• **Work order**
Given the records underneath, please repeat exactly the lines from the line with "Car image 36" through the line with "1000 West Ave, Unit", passing over any picture.

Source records
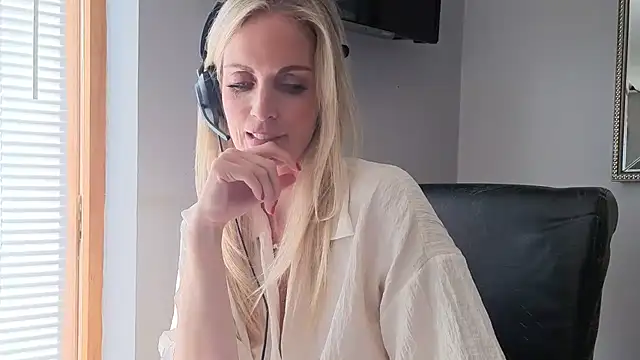 Bonnie Ryder online show from July 2026 11:37:02 AM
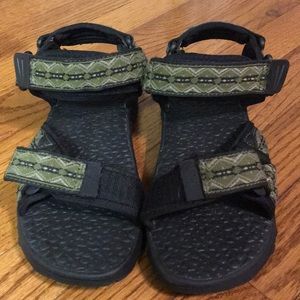 Rafters black and green Velcro sandals size 5
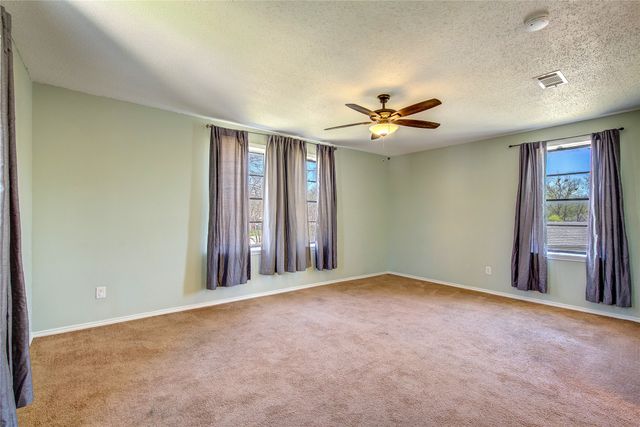 1414 Walworth Street, Greenville, TX 75401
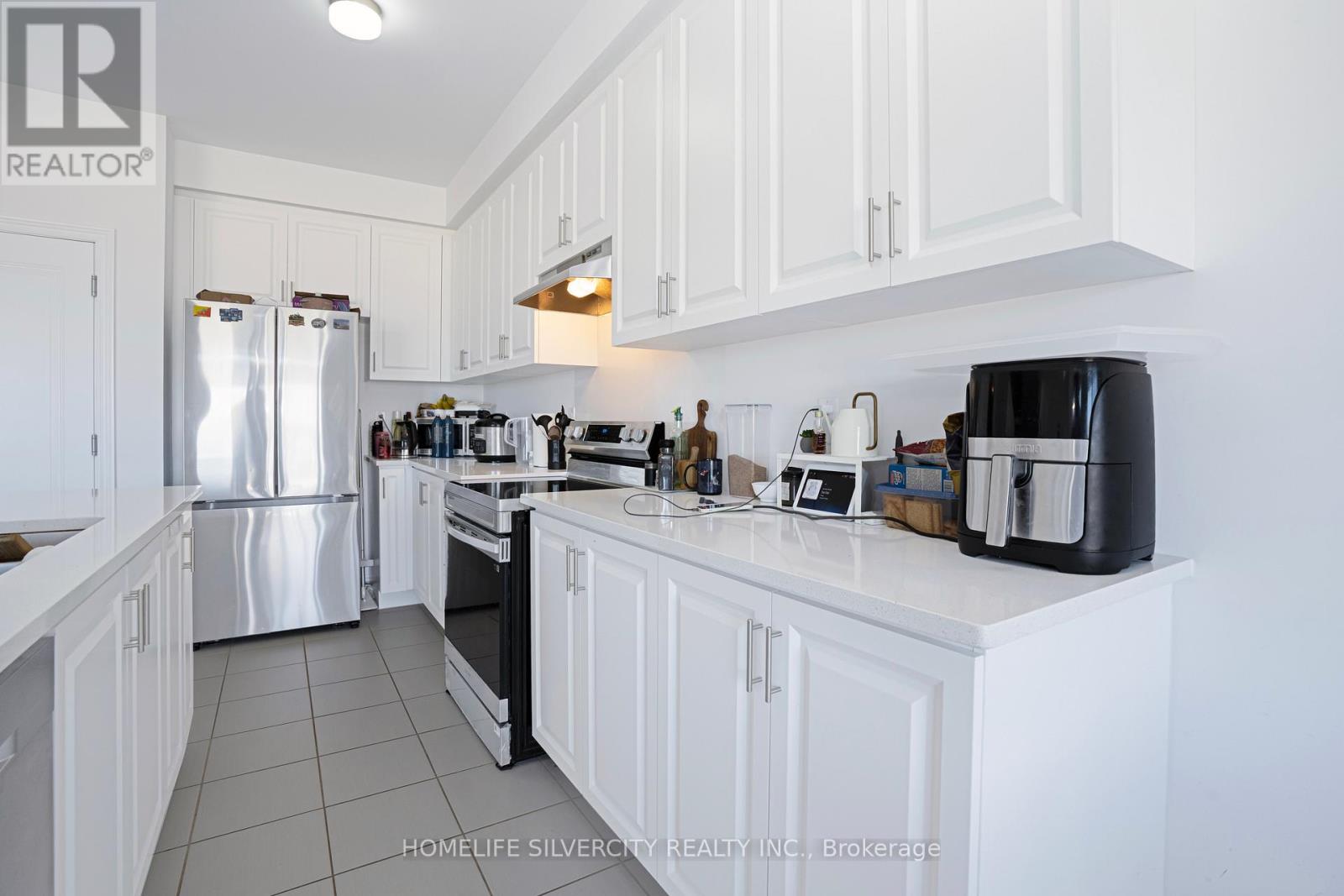 12 KINGSBURY TRAIL - 21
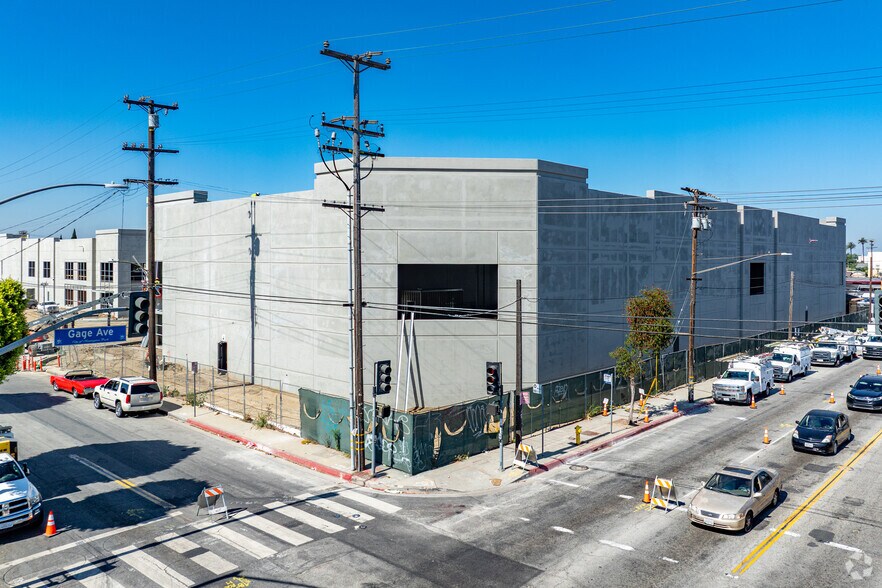 6375 Wilmington Ave, Los Angeles, CA à louer - Photo de l’immeuble – Image 2 sur 3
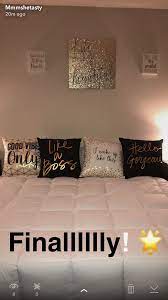 Black White Gold Bedroom Idea Decoracion De La Habitacion Decoracion De Habitaciones Decoracion De Interiores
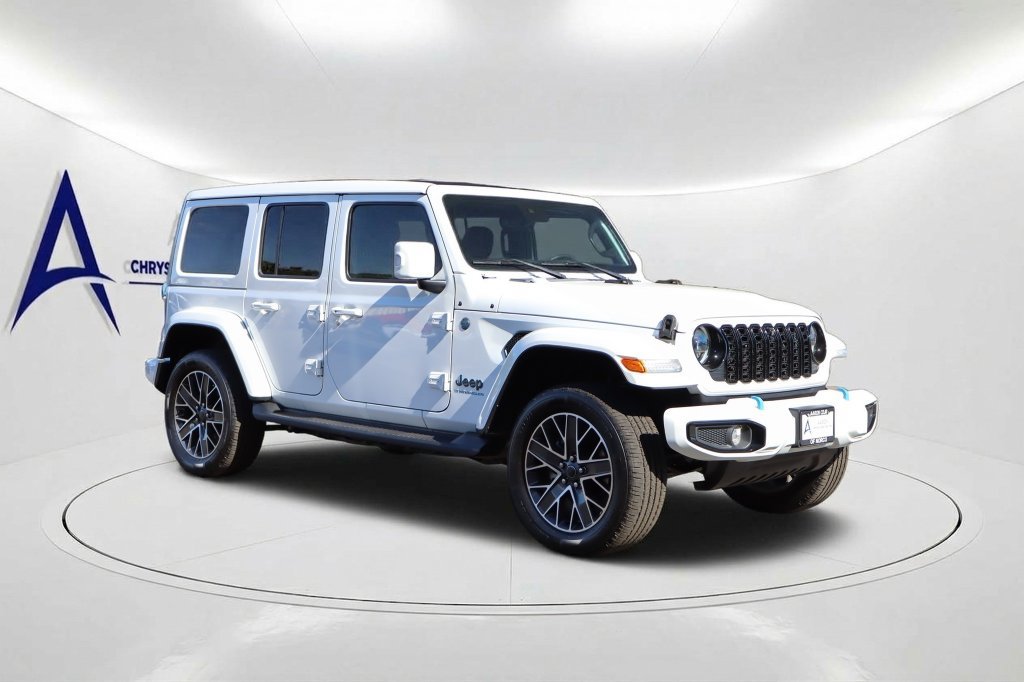 Used 2024 Jeep Wrangler High Altitude AWD/4WD image 3
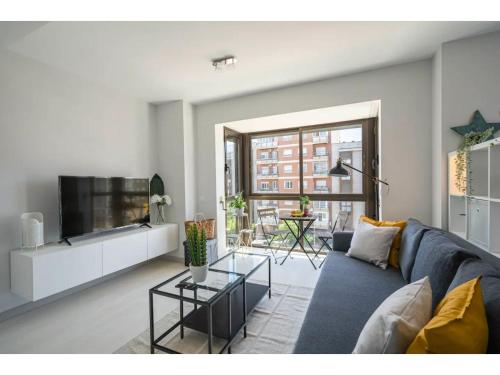 Lovely loft close Cuzco Sor Angela, Madrid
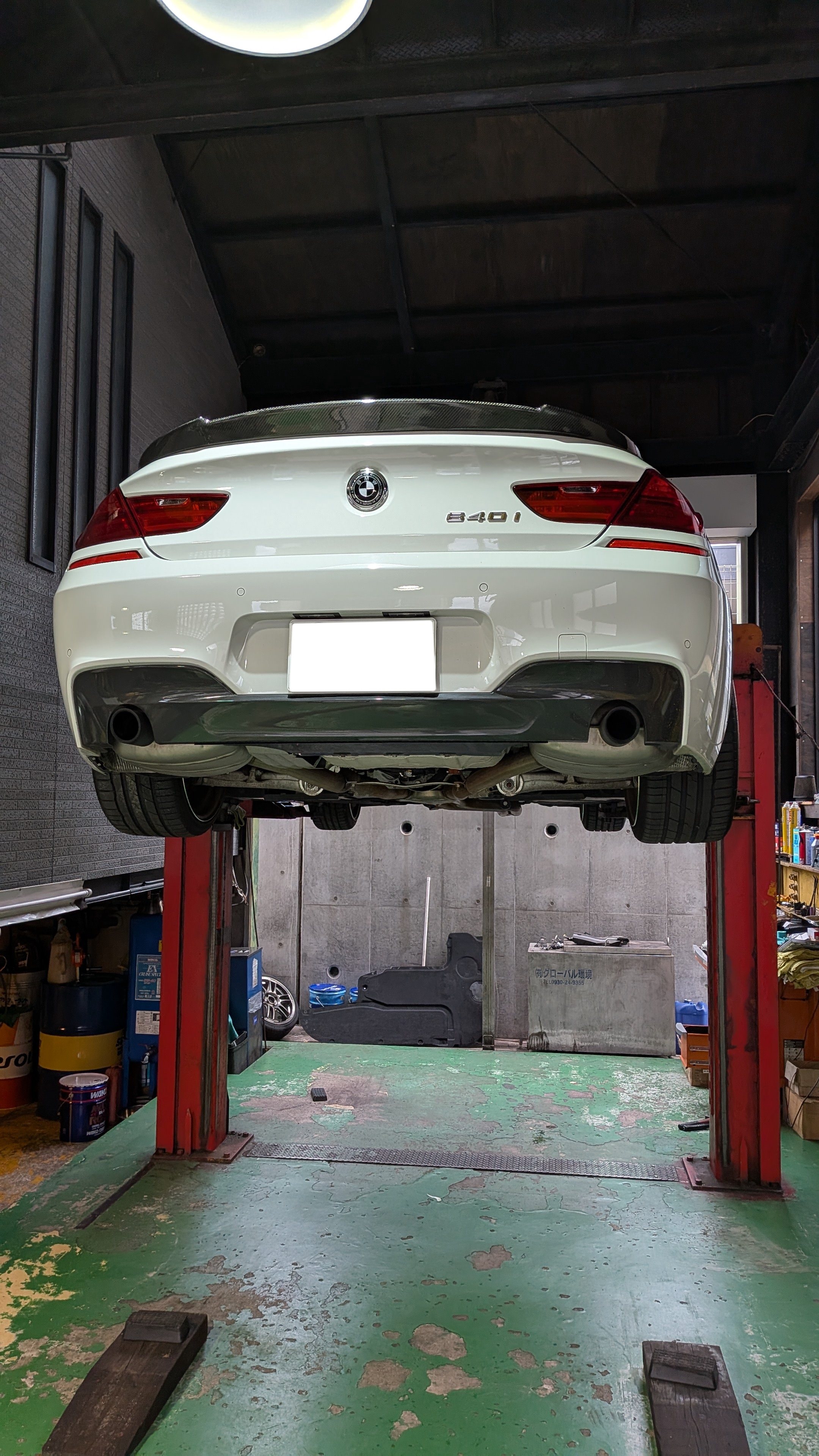 BMW F06 640i ダウンパイプ取り付け、F82 M4 ドラレコ取り付け、オイル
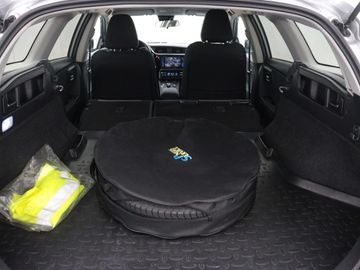 Car image 36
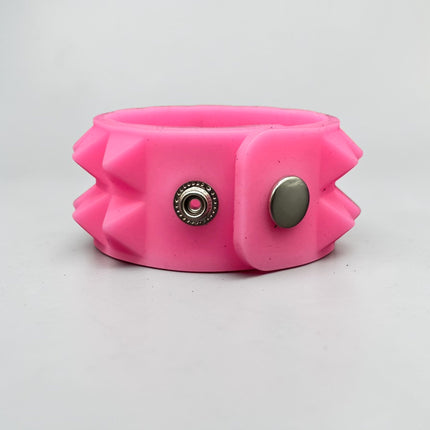BC112RUB SILICONE RUBBER 2 ROW 1/2" PYRAMID BRACELET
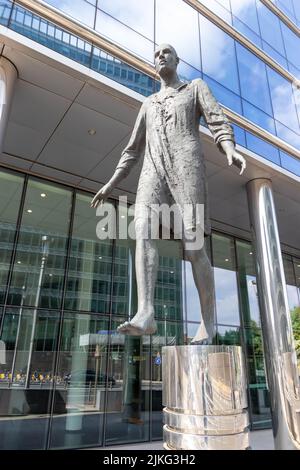 Brüssel, Belgien - 17. Juli 2018: Skulptur 'Stepping Forward' der niederländischen Künstlerin Hanneke Beaumont; in der Nähe des Lex-Gebäudes Stockfoto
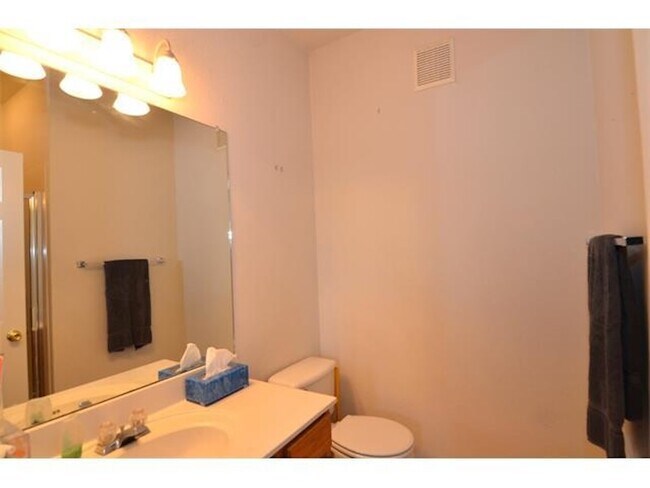 Building Photo - 12401 Los Indios Trl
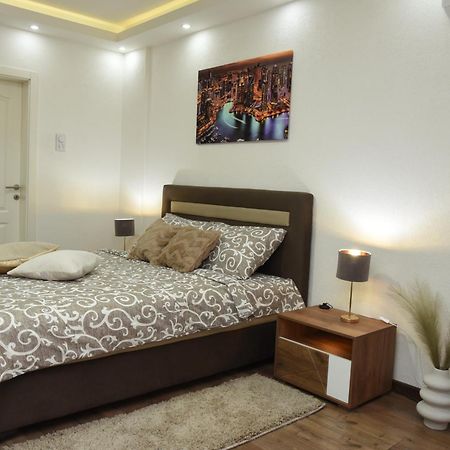 Apartmani Sofronic Loznica 2 ภายนอก รูปภาพ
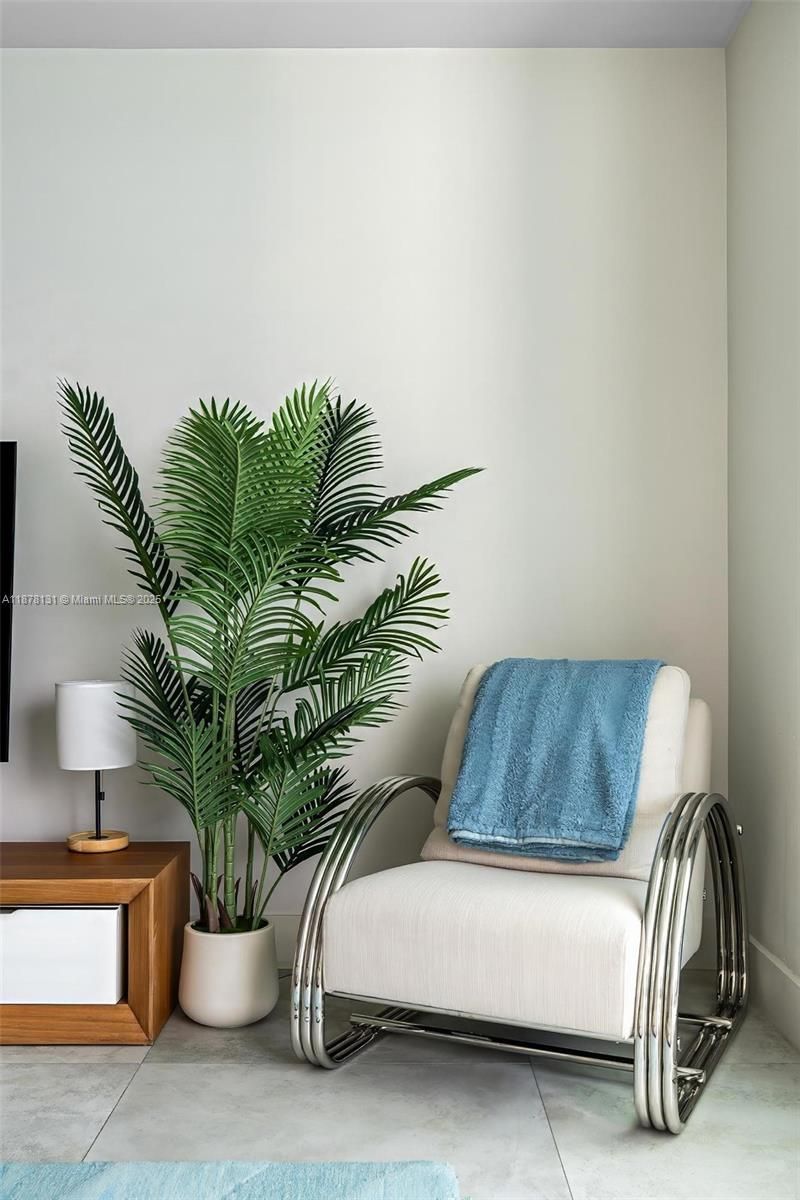 1000 West Ave, Unit 1515, Miami Beach, FL 33139 Photo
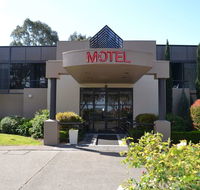 Dingley International Hotel - Holiday Sunshine Coast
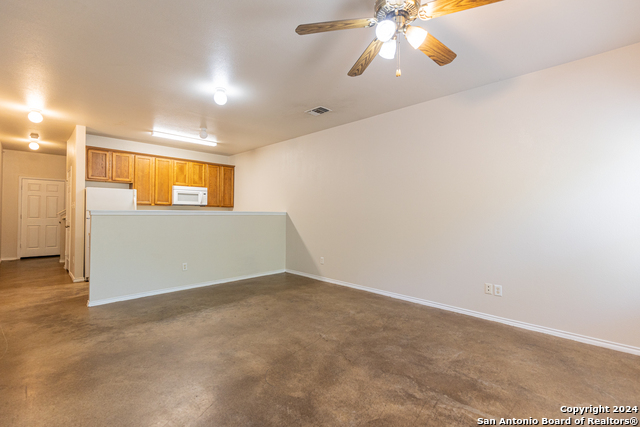 Image 14 of 31 For 10711 Mathom Landing  1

• **Answer to this problem**
 Car image 36
BC112RUB SILICONE RUBBER 2 ROW 1/2" PYRAMID BRACELET
 Brüssel, Belgien - 17. Juli 2018: Skulptur 'Stepping Forward' der niederländischen Künstlerin Hanneke Beaumont; in der Nähe des Lex-Gebäudes Stockfoto
 Building Photo - 12401 Los Indios Trl
 Apartmani Sofronic Loznica 2 ภายนอก รูปภาพ
 1000 West Ave, Unit 1515, Miami Beach, FL 33139 Photo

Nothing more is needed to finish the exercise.